Excerpted data:
▬▬▬▬▬▬▬▬▬▬
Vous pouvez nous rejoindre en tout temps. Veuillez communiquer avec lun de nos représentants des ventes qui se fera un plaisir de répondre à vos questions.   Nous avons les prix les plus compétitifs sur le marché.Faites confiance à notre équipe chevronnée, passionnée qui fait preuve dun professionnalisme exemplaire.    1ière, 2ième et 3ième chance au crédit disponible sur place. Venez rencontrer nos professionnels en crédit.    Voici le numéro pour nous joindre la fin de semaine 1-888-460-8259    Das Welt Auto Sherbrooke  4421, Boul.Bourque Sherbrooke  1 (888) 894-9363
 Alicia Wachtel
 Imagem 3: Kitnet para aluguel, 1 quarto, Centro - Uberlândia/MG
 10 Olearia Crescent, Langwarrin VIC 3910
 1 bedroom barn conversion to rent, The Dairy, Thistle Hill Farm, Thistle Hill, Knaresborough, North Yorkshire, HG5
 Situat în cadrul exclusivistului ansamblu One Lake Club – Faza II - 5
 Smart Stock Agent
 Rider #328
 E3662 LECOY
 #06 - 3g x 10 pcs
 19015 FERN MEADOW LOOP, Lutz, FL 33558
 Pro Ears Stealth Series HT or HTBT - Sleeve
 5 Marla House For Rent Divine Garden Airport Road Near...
▬▬▬▬▬▬▬▬▬▬
Your goal:
Write down all of the listing exactly.

Answer box:
Vous pouvez nous rejoindre en tout temps. Veuillez communiquer avec lun de nos représentants des ventes qui se fera un plaisir de répondre à vos questions.   Nous avons les prix les plus compétitifs sur le marché.Faites confiance à notre équipe chevronnée, passionnée qui fait preuve dun professionnalisme exemplaire.    1ière, 2ième et 3ième chance au crédit disponible sur place. Venez rencontrer nos professionnels en crédit.    Voici le numéro pour nous joindre la fin de semaine 1-888-460-8259    Das Welt Auto Sherbrooke  4421, Boul.Bourque Sherbrooke  1 (888) 894-9363
 Alicia Wachtel
 Imagem 3: Kitnet para aluguel, 1 quarto, Centro - Uberlândia/MG
 10 Olearia Crescent, Langwarrin VIC 3910
 1 bedroom barn conversion to rent, The Dairy, Thistle Hill Farm, Thistle Hill, Knaresborough, North Yorkshire, HG5
 Situat în cadrul exclusivistului ansamblu One Lake Club – Faza II - 5
 Smart Stock Agent
 Rider #328
 E3662 LECOY
 #06 - 3g x 10 pcs
 19015 FERN MEADOW LOOP, Lutz, FL 33558
 Pro Ears Stealth Series HT or HTBT - Sleeve
 5 Marla House For Rent Divine Garden Airport Road Near...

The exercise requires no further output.